EXERCISE:
Copy every entry exactly, but skip the pictures.

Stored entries
===============

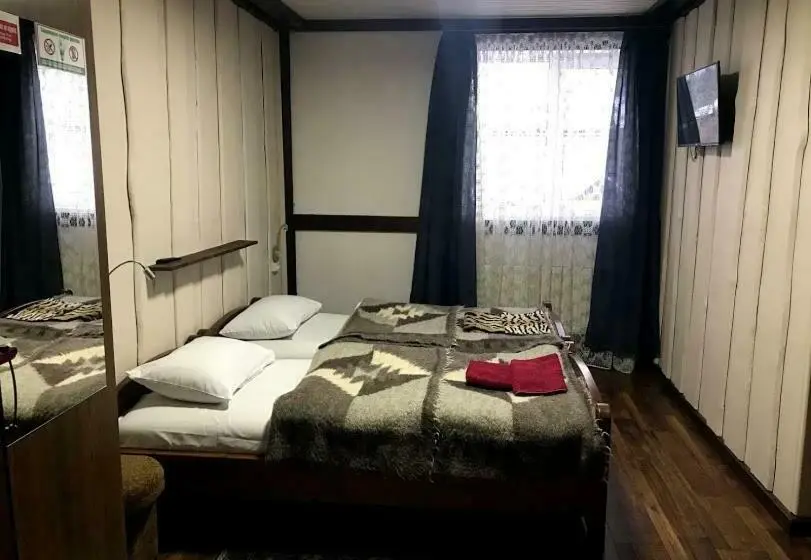 Classic Kolmen Hengen Huone, Fayniy Motel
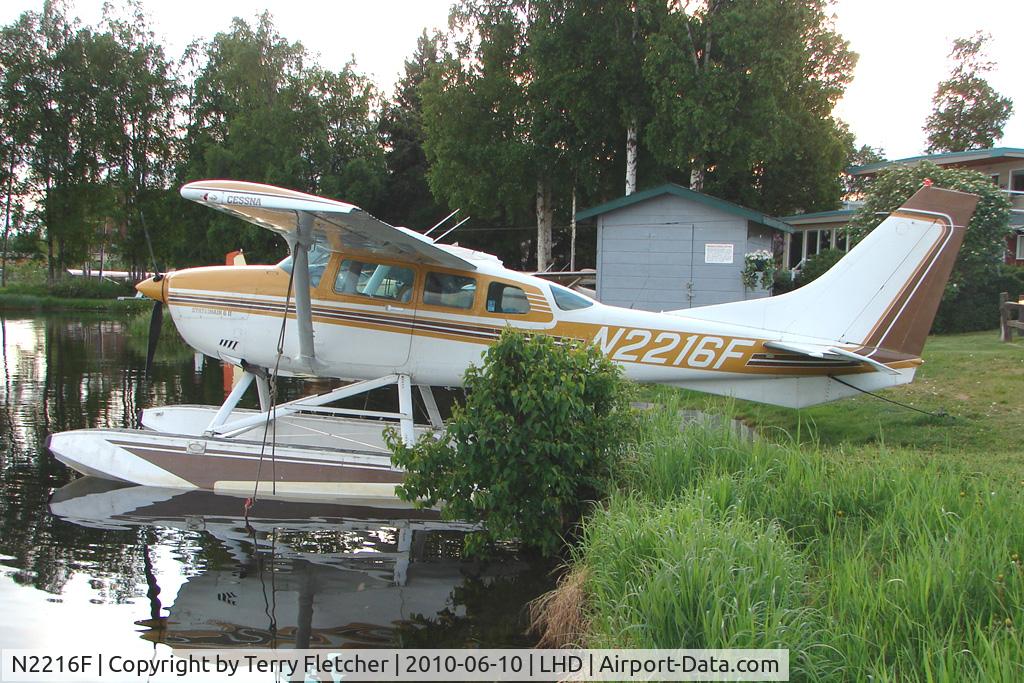 N2216F, 1982 Cessna U206G Stationair C/N U20606504, 1982 Cessna U206G, c/n: U20606504 on Lake Hood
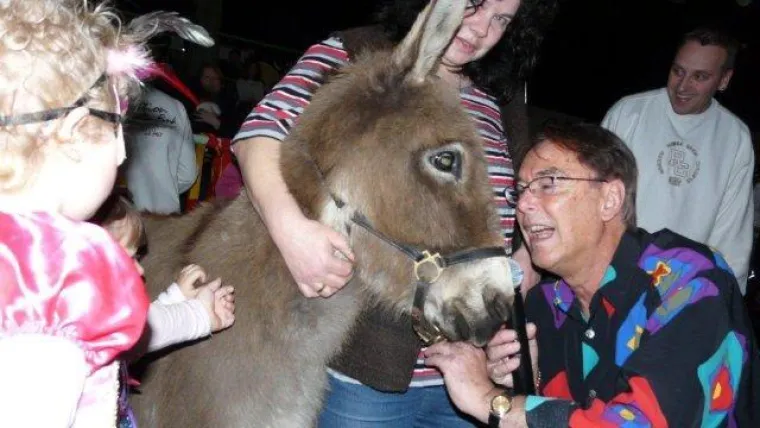 Bild: Eselsinterview beim Kinderkarneval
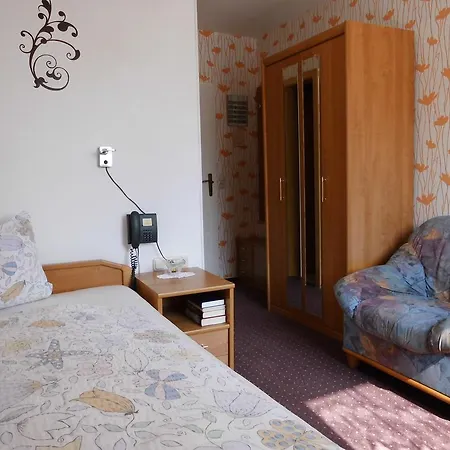 Hotel Garni am Heuberg-3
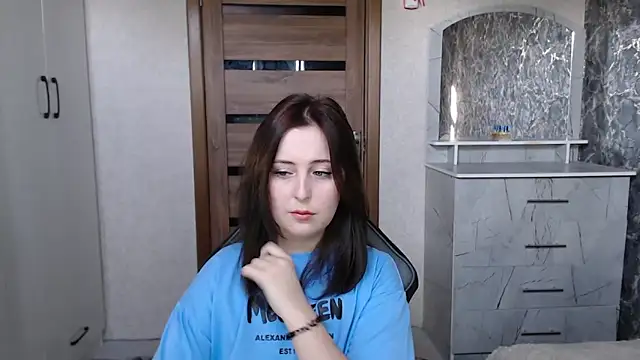 Snapshot of Kristy-Max chatting on October 24, 10:11 am Kristy-Max online show from October 24, 10:11 am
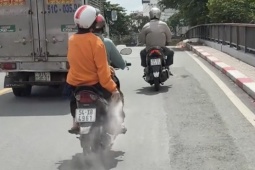 Người phụ nữ rải "bột lạ" xuống đường: Cơ quan chức năng làm việc với người thân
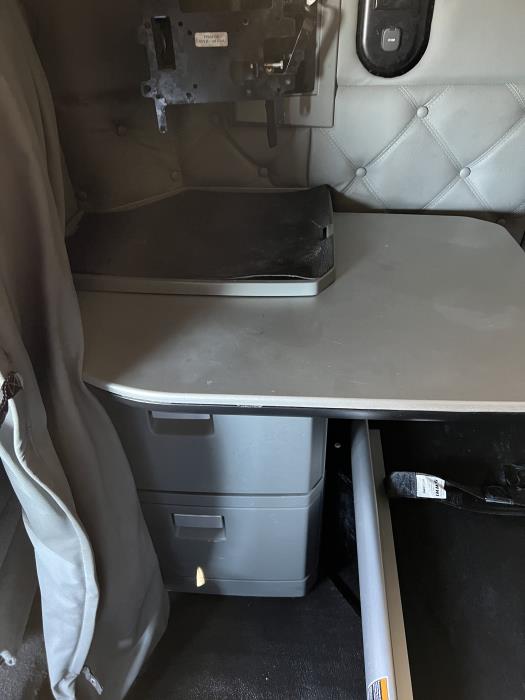 2019 Kenworth T680-0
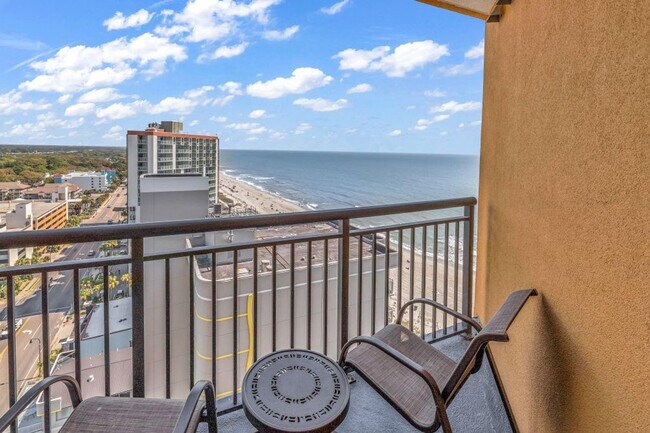 Foto del edificio - 2600 N Ocean Blvd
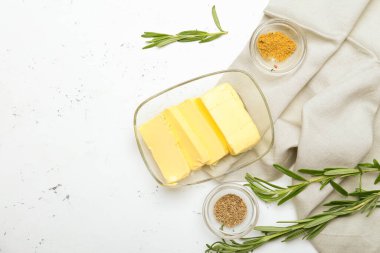 Baharatlı taze tereyağı ve arka planda biberiye.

===============

RESPONSE TO THIS EXERCISE:
 Classic Kolmen Hengen Huone, Fayniy Motel
 N2216F, 1982 Cessna U206G Stationair C/N U20606504, 1982 Cessna U206G, c/n: U20606504 on Lake Hood
 Bild: Eselsinterview beim Kinderkarneval
 Hotel Garni am Heuberg-3
 Snapshot of Kristy-Max chatting on October 24, 10:11 am Kristy-Max online show from October 24, 10:11 am
 Người phụ nữ rải "bột lạ" xuống đường: Cơ quan chức năng làm việc với người thân
 2019 Kenworth T680-0
 Foto del edificio - 2600 N Ocean Blvd
 Baharatlı taze tereyağı ve arka planda biberiye.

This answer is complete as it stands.